Zhiwei Jia, Xuanlin Li, Zhan Ling, Shuang Liu, Yiran Wu, Hao Su

UC San Diego

Paper

Slides

Code

Introduction

Generalization in deep RL over unseen environment variations usually requires policy learning over diverse training variations. We empirically observe that an agent trained on many variations (a generalist) tends to learn faster at the beginning, yet its performance plateaus at a less optimal level for a long time. In contrast, an agent trained only on a few variations (a specialist) can achieve higher returns. To have the best of both worlds, we propose a novel generalist-specialist learning framework (GSL) that combines joint (generalist) training and distributed (specialist) training in a well-principled manner. We show that GSL pushes the envelope of policy learning on several challenging and popular benchmarks including Procgen, Meta-World and ManiSkill.

Fork-Maze: An Illustrative Example

To show the limitation of a single agent (a generalist), we present a fork maze where the agent (blue, starting from the left side) needs to reach goals (red stars on the right side). Upon each environment reset, only one goal is specified (via a context scalar c). Essentially, the maze has variations with different goals to reach based on context c but a shared path at the beginning across all the variations.

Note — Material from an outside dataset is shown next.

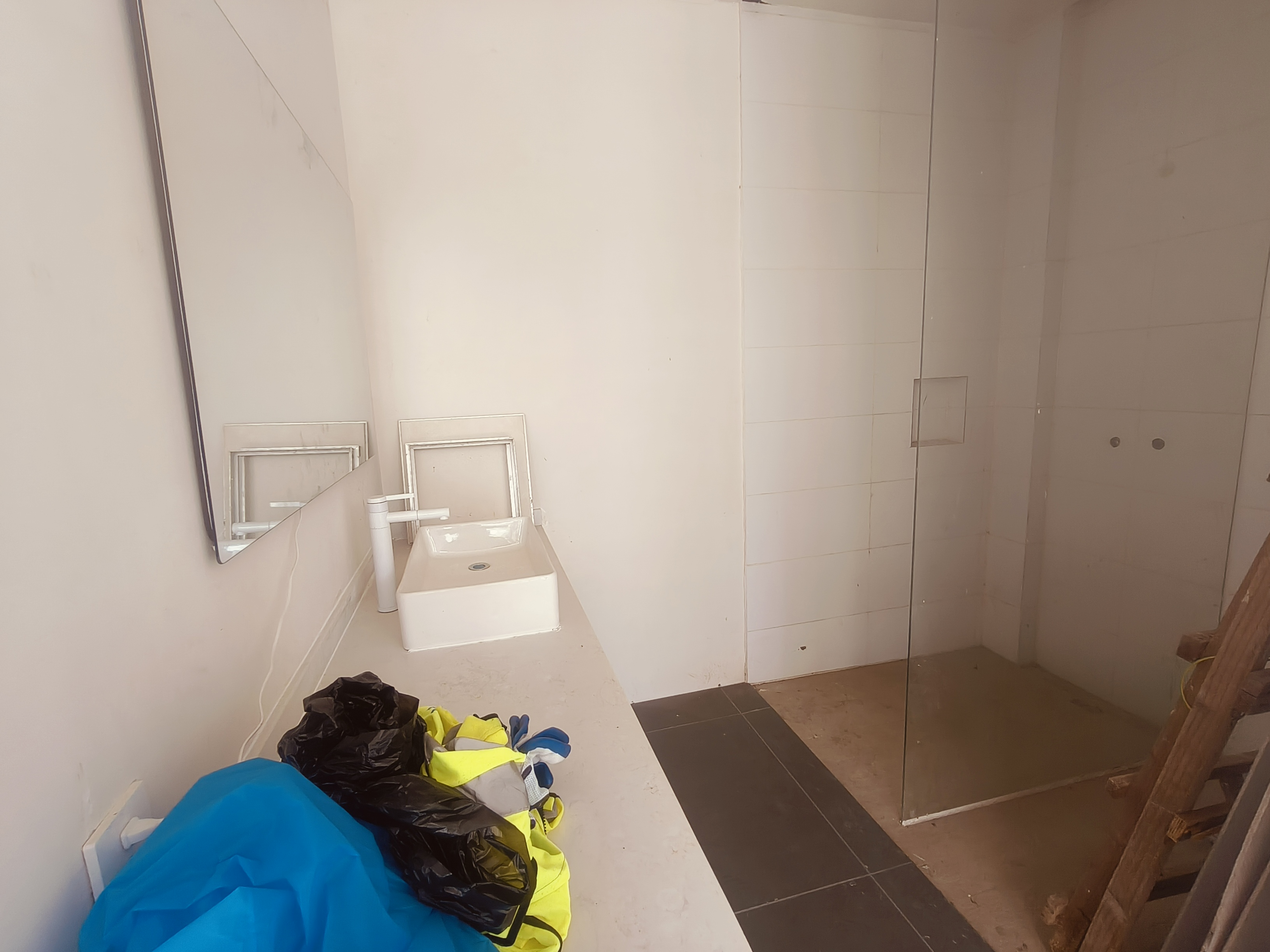 鸿洲江山 14室2厅2卫 20000.0元/月 鸿洲江山 14室2厅2卫 20000.0元/月室内图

We find that an agent jointly trained on all goals (a generalist) can suffer from catastrophic ignorance & catastrophic forgetting, i.e., the agent

ignores the context c and fails to distinguish between different goals since c plays little role in the early stages of learning
struggles to learn to solve the environment variations altogether in later stages due to difficulty in memorization for NNs.

Key Observations: Generalists vs. Specialists

Alternatively, we can train a bunch of specialists agent, each handles a subset of the variations. Such approach mitigates the issues of generalists but also comes with a cost. We have discovered key trade-offs between generalists vs. specialists, summarized below.

Generalists learn

faster (more sample-efficient) initially
worse performance in later stages

Specialists learn

slower (less sample-efficient) initially
better performance in later stages

Generalist-Specialist Learning (GSL)

A meta algorithm to have the best of both worlds (3 Steps)

Train a generalist jointly on all training env. variations
Stop when it plateaus according some criterion H
- Train a bunch of specialists, each is loaded from the checkpoints of the generalist and handles a selective subset of env. variations.
- Collect demonstrations from the specialists as well as the generalist.
Fine-tune the generalist with guidance from the demos.

Experiment Results

We evaluated GSL on multiple challenging benchmarks and popular RL baselines, including PPO & PPG on Procgen (left), PPO on Meta-World (middle) and SAC on ManiSkill (right). We demonstrate that, as a meta-algorithm, GSL consistently improves the baselines. Furthermore, we show that GSL is a step towards generalizable policy learning.